# Sabine Micro



## bca benjamin (Sep 9, 2018)

Beyond excited to pick her up on Wednesday! Brian has done an excellent job on this build and was great to work with the build process. Kaylor did a fantastic job on the Teak Seadeck. 

I will be running her around POC.


----------



## nabsup (Jun 3, 2016)

Sweet rig! Did you go with a tunnel? How long was the wait once you pulled the trigger? Really interested in one of these rigs


----------



## Bird (May 10, 2005)

Don't hesitate to run her in West G bay too Ben! Looks great.


----------



## Capt. Kris Kelley (Jun 2, 2004)

Gorgeous, congrats bud!

SFF


----------



## the_bri_man (Aug 1, 2017)

Good looking skiff bud. Good to meet ya saturday, thanks again for the Belize info


----------



## Fishsurfer (Dec 14, 2014)

Sweet, congratulations. Are these aluminum hull boats? I have been looking at some like it.


----------



## Golden (Aug 1, 2006)

Great looking craft Ben. Bet you already have the Stiffy push pole, gunnel and platform mounts on order. Road Trip To Corpus might be in order next huh. R you going up to 22'? Most of us probably wont see this baby much as your work schedule and the new Kiddo will dictate when you can fish, but I cant wait to see you down in POC in the shallow stuff PYAO! Call anytime brother and Congrats - you deserve this.


----------



## southpaw (Feb 25, 2009)

Congrats. Great looking skiff. Looks tippy


----------



## riopga (Feb 15, 2017)

Can I ask what the little nubby things on the deck plate are for?


----------



## Fishsurfer (Dec 14, 2014)

riopga said:


> Can I ask what the little nubby things on the deck plate are for?

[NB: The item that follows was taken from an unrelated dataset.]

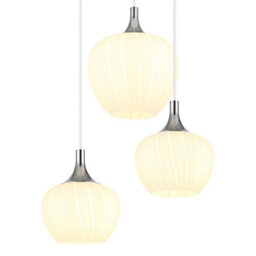 Luminosa Lighting Luminosa Maxy Cluster Pendant Ceiling Light White Matt Opal Glass Shade 6X E27 - thumbnail 4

 I think you are asking about the line tamer or stripping mat. It is to keep your line in/on the boat without getting blown off the side. It makes it easier to cast with less drag than if your line was hanging off the boat in the water or wrapped around something on the deck.


----------



## bca benjamin (Sep 9, 2018)

Golden said:


> Great looking craft Ben. Bet you already have the Stiffy push pole, gunnel and platform mounts on order. Road Trip To Corpus might be in order next huh. R you going up to 22'? Most of us probably wont see this baby much as your work schedule and the new Kiddo will dictate when you can fish, but I cant wait to see you down in POC in the shallow stuff PYAO! Call anytime brother and Congrats - you deserve this.


Yea man! I went 22ft Stiffy Guide. I let my kiddo crawl around in the cockpit before I drove the skiff down to Victoria, I like to think he likes it.


----------



## CroakerChoker (Jan 24, 2013)

Congrats! Good looking set up.


----------



## That Robbie Guy (Aug 11, 2009)

That Teak Seadeck on that color is killer!


----------



## Redfish5496 (Jun 27, 2016)

*Sabine micro*

WHEN YOU ARE READY TO FISH THE SABINE MARSH CALL ME....

WE WILL RIP SOME LIPS OFF OF BLACKS BAYOU....:dance:


----------



## SWCKurt (Sep 18, 2018)

I'm headed to POC in the morning... made me think of this beauty.

Can't wait for the day I put in an order for one!


----------